Friday, January 29, 2010

THE BAG LADY AND THE SHEEPHERDER

This handsome couple (who loved each other dearly) were my grandparents. Pearl Grant and David Lee.
Pearl was actually an educated lady, she went to the Brigham Young Academy and was an elementary school teacher, in Duchesne County until she got married and started a family. David and Pearl had seven children 4 boys and 3 girls.
David had a sixty acre homestead in the Rock Creek area of Duchesne and had a sizable herd of sheep. During the mid to late 1920's David sold his homestead so he could open an auto repair business in town, with his brother. Not long after getting the business up and going the country was hit with the "great depression" and the Lees lost everything they had. David and Pearl moved into a home in Charleston, Utah in an area that is now beneath Deer Creek Reservoir.

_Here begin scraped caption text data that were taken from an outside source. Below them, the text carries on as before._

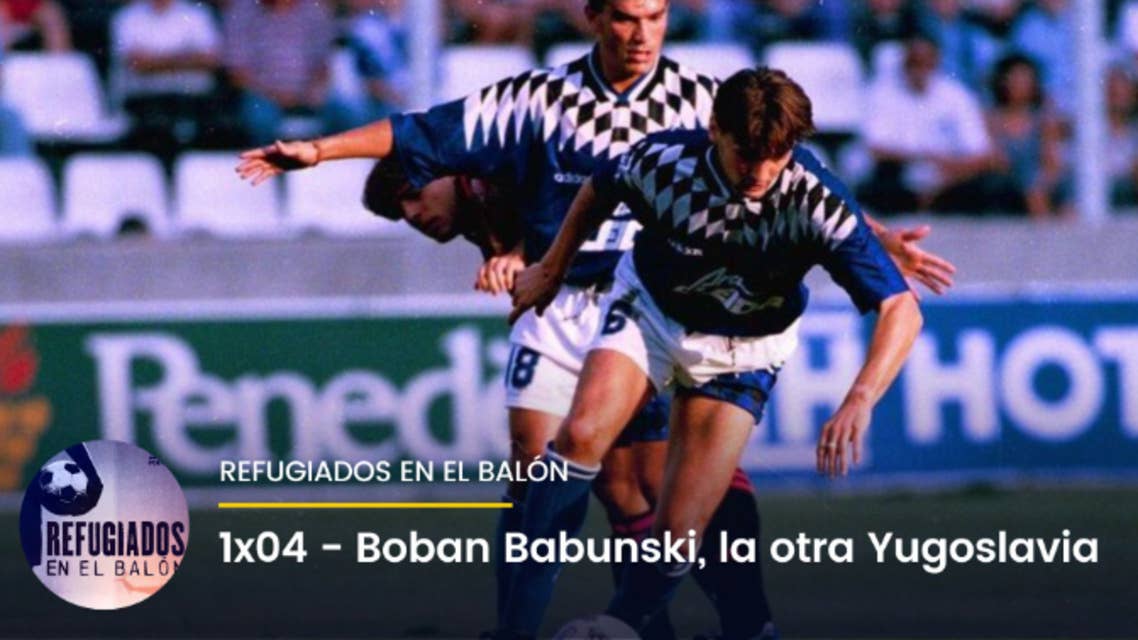 Episodio 4 | Boban Babunski, la otra Yugoslavia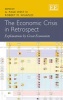 Economic Crisis in Retrospect - Explanations by Great Economists (Hardcover) - G Page West Photo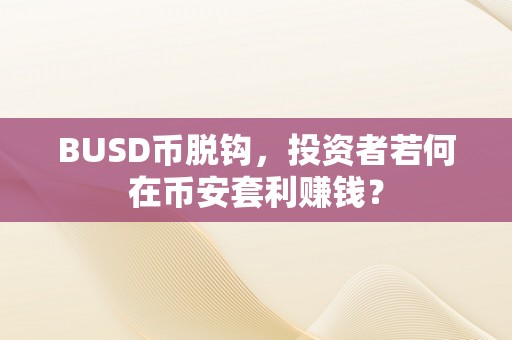 BUSD币脱钩，投资者若何在币安套利赚钱？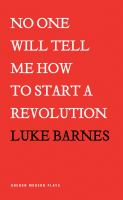 No_one_will_tell_me_how_to_start_a_revolution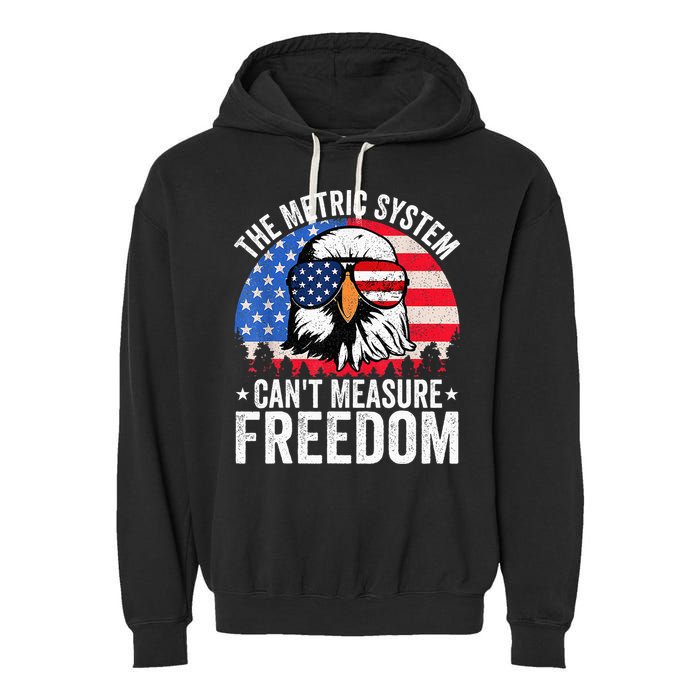 The Metric System CanT Measure Freedom Eagle 4th Of July Garment-Dyed Fleece Hoodie
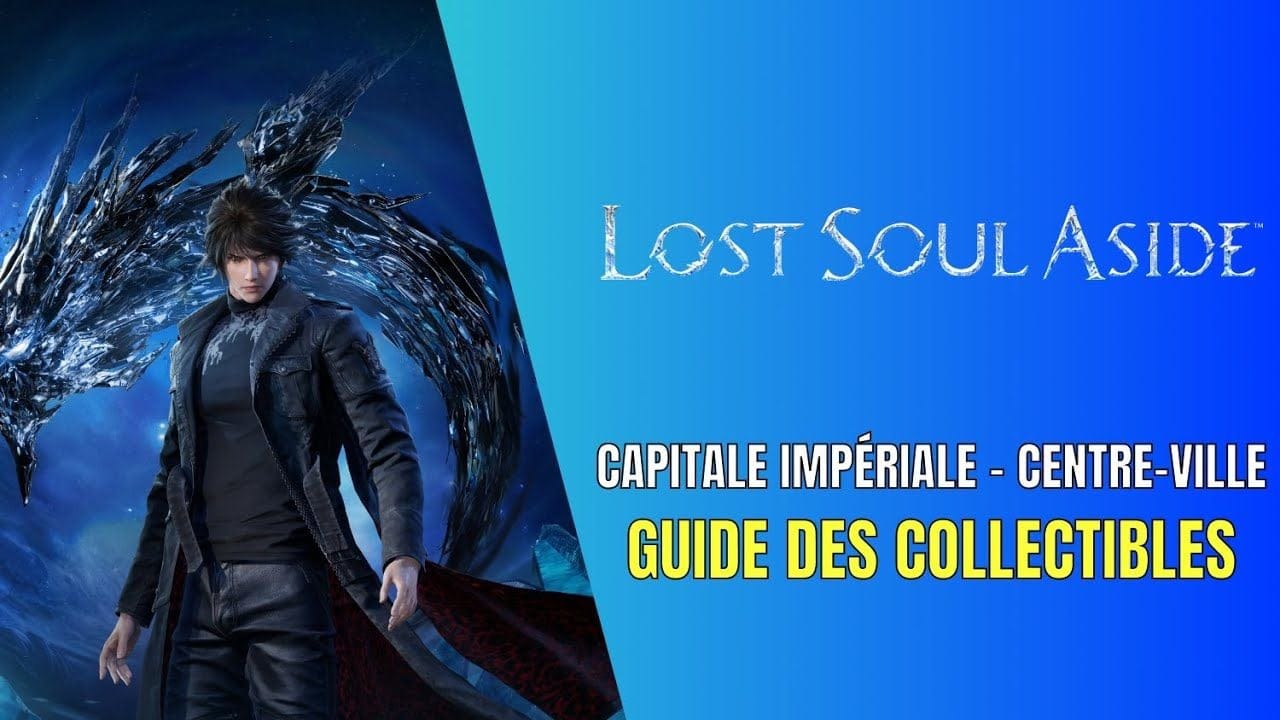 Lost Soul Aside Capitale Impériale - Centre-ville Guide des Collectibles - Guide 100%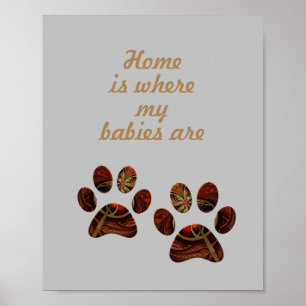 "Home is waar mijn baby's zijn" Poster voor afdruk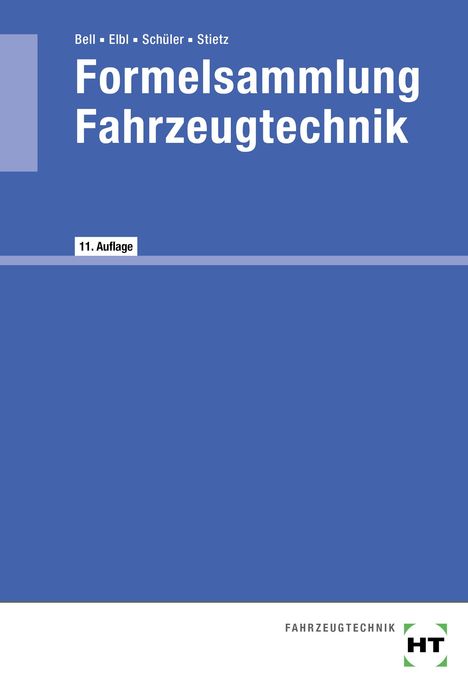 Marco Bell: Formelsammlung Fahrzeugtechnik, Buch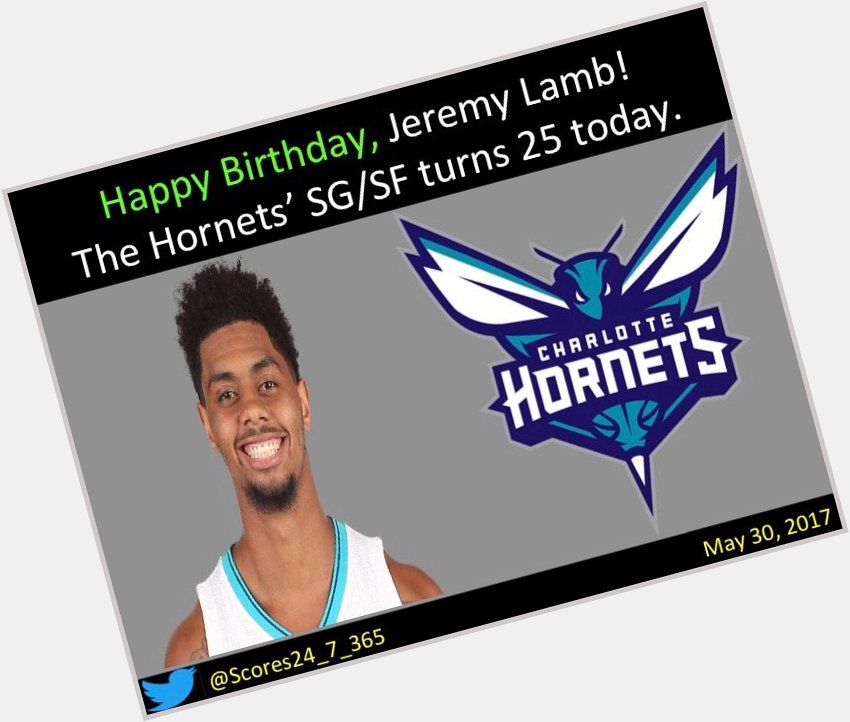  happy birthday Jeremy Lamb! 
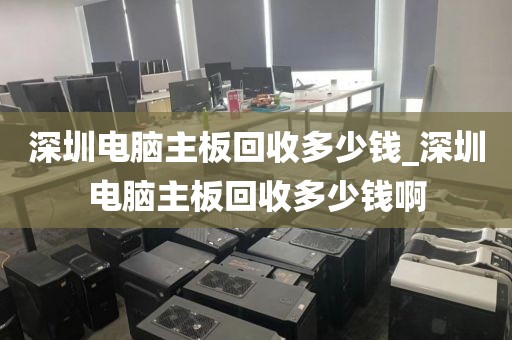 深圳電腦主板回收多少錢_深圳電腦主板回收多少錢啊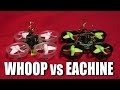 Tiny Whoop vs Eachine E010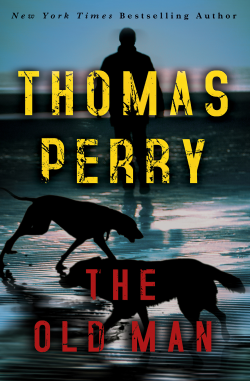 <i>The Old Man</i> (Perry novel) 2017 novel by Thomas Perry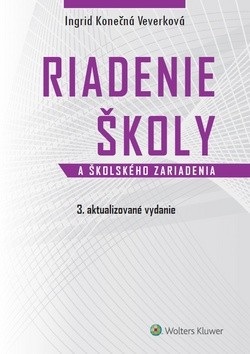 Riadenie školy a školského zariadenia (Ingrid Konečná Veverková)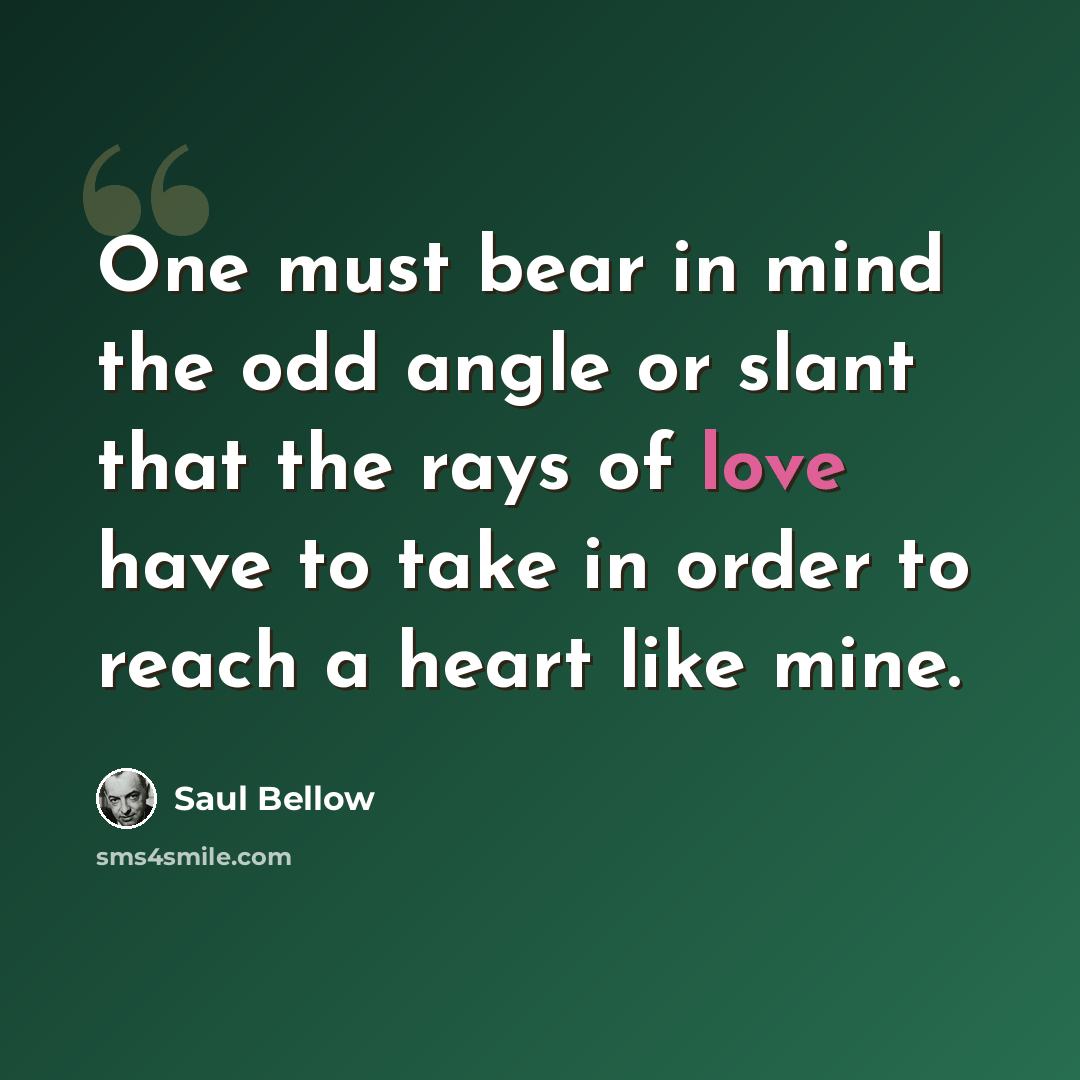 “One must bear in mind the odd angle or slant that the rays of love have to take in order to reach a heart like mine.” quote by Saul Bellow
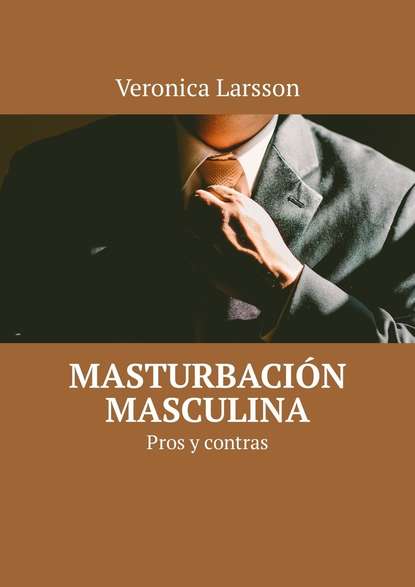 Veronica Larsson — Masturbaci?n masculina. Pros y contras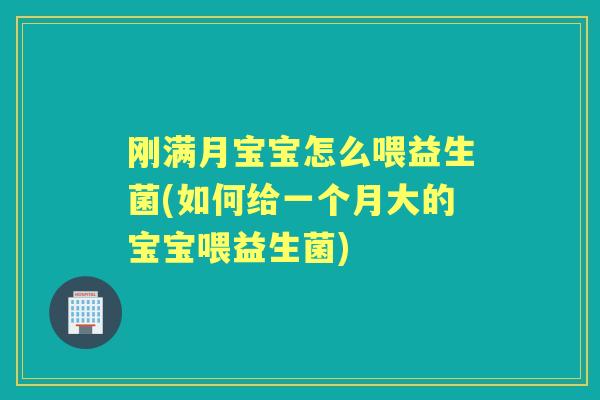 刚满月宝宝怎么喂益生菌(如何给一个月大的宝宝喂益生菌)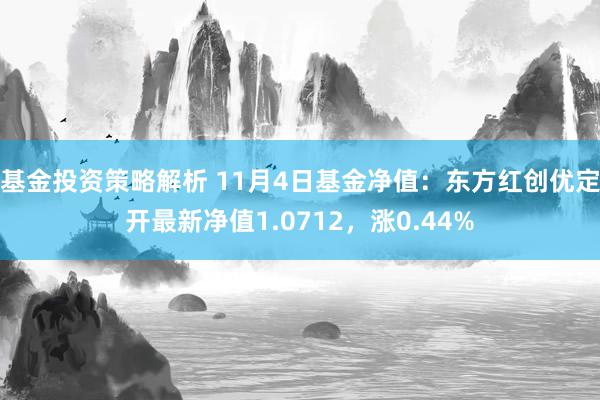 基金投资策略解析 11月4日基金净值：东方红创优定开最新净值1.0712，涨0.44%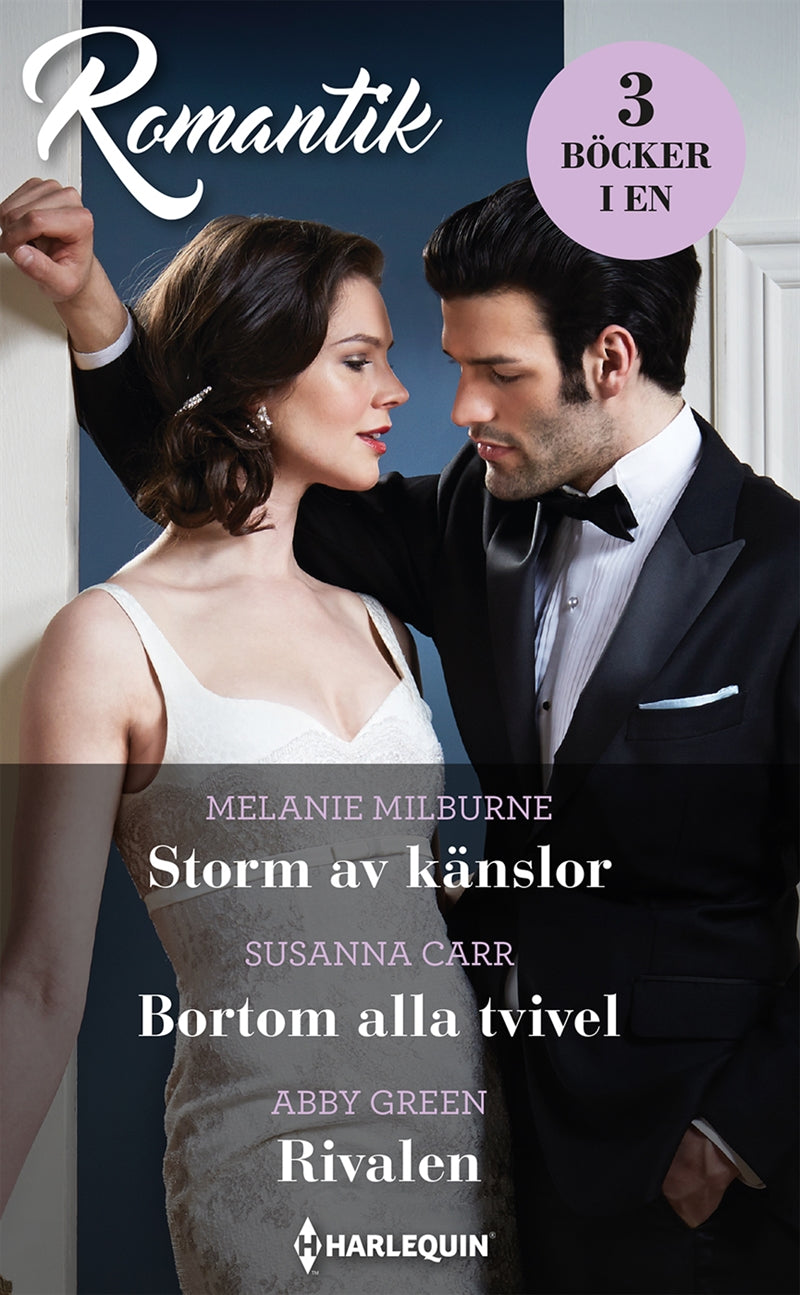 Storm av känslor / Bortom alla tvivel / Rivalen – E-bok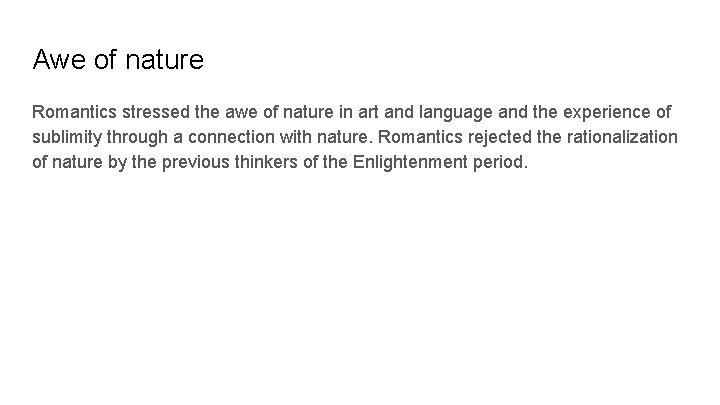 Awe of nature Romantics stressed the awe of nature in art and language and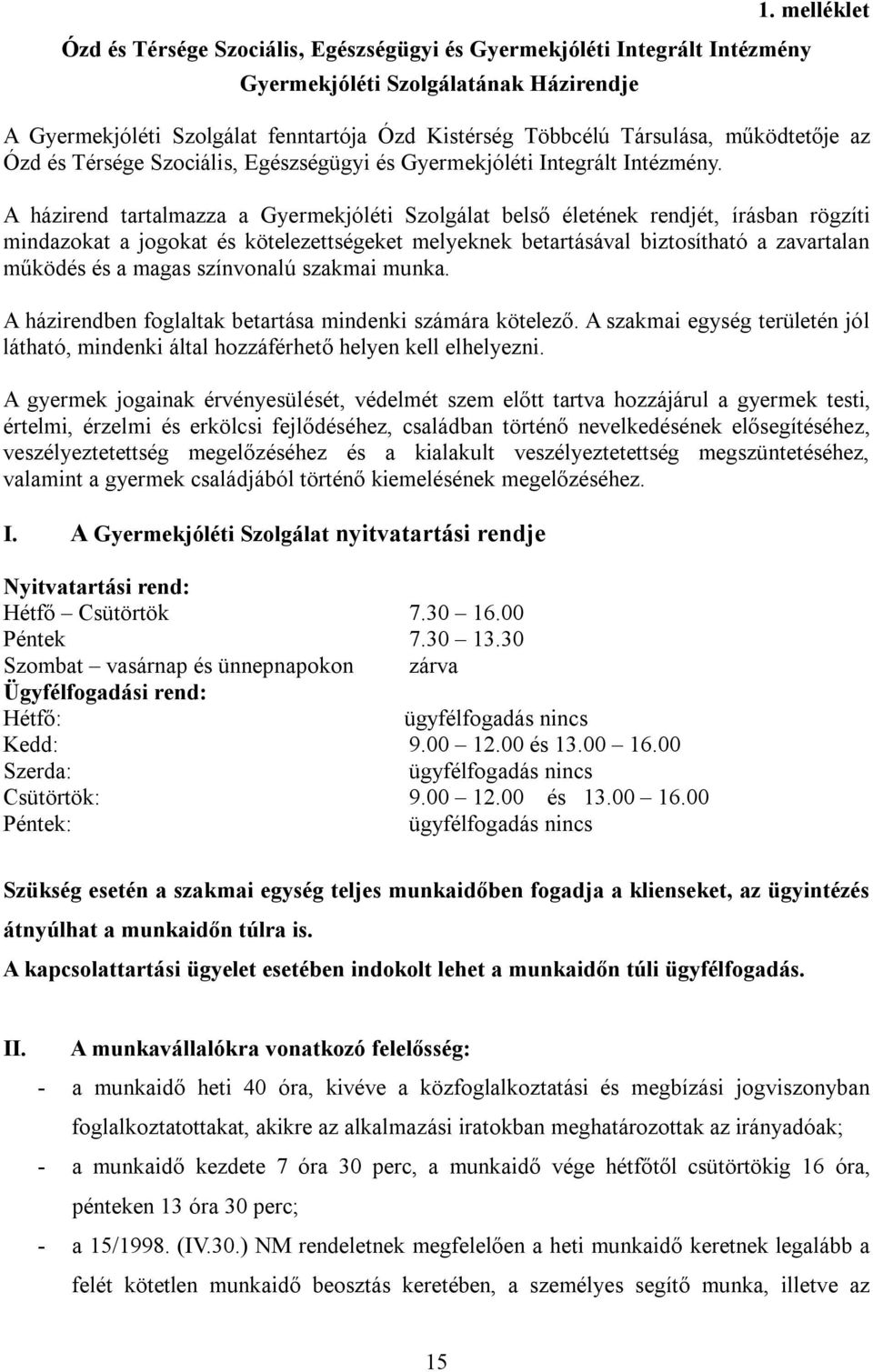 A házirend tartalmazza a Gyermekjóléti Szolgálat belső életének rendjét, írásban rögzíti mindazokat a jogokat és kötelezettségeket melyeknek betartásával biztosítható a zavartalan működés és a magas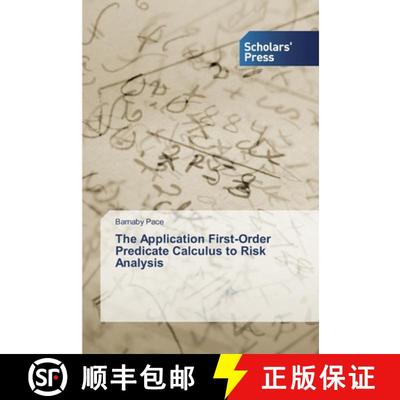 预订 The Application First-Order Predicate Calculus to Risk Analysis [9786138839323]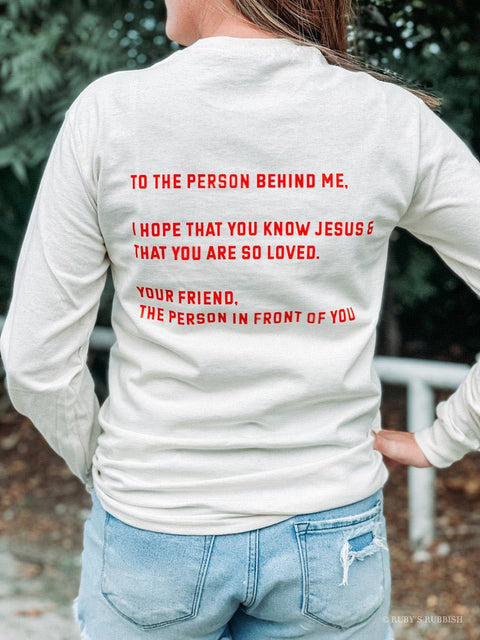 To the Person Behind Me | Long Sleeve T-Shirt | Ruby’s Rubbish® - Ruby's Rubbish Wholesale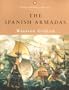 Spanish Armadas Classic Military (Penguin Classic Military)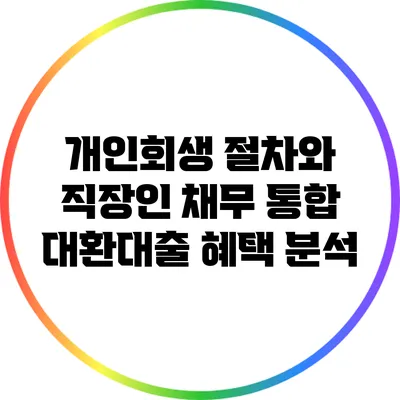 개인회생 절차와 직장인 채무 통합 대환대출 혜택 분석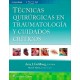 TECNICAS QUIRURGICAS EN TRAUMATOLOGIA Y CUIDADOS CRITICOS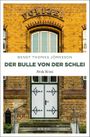 Der Bulle von der Schlei Cover des Buches Der Bulle von der Schlei (ISBN: 9783954519910)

After a house fire that destroyed their home David moved his family around several times but eventually went to work for US Steel in Orem, Utah, and built a home in the river bottoms area of Provo.
I was eight years old when Grandpa died so I don't remember much about him except that he had a mop of white hair that reminded me of Mark Twain, and it seemed that he smoked a lot.
I remember visiting Grandma in her home in Provo, where she had moved the bed into the living room next to the kitchen so she would not have to heat the whole house. She was always afraid that if the house was too warm it would start on fire (in addition to house fire in Charleston Pearl had been burned badly as a child, when her dress got too close to the stove). Grandma was a bit of an eccentric artistic type. She would walk the streets of Provo gathering "stuff" that she could make crafts with. I remember her making artificial flowers out of cellophane bread wrappers (her sons refused to let her leave them on any graves at the cemetery). She once gave us grand-kids small necklaces that she had made out of old tooth brushes by cutting the handles into small squares and stringing them together. She always had coffee cans full of buttons, broken ceramics or anything else that she found interesting. Just before Grandma died she was moved into a rest home, I remember that my Dad and his sister's husband took their trucks to her house and just loaded everything she had and took it to the dump. I don't think anybody even went through anything to see if there was something of value, either monetary or sentimental. In general I think most of Grandma's family (at least her children) saw her as a bit of a kook or nut case. But I always saw something more. I was captivated by her artistic talents and her ability to see beauty in what others saw as junk.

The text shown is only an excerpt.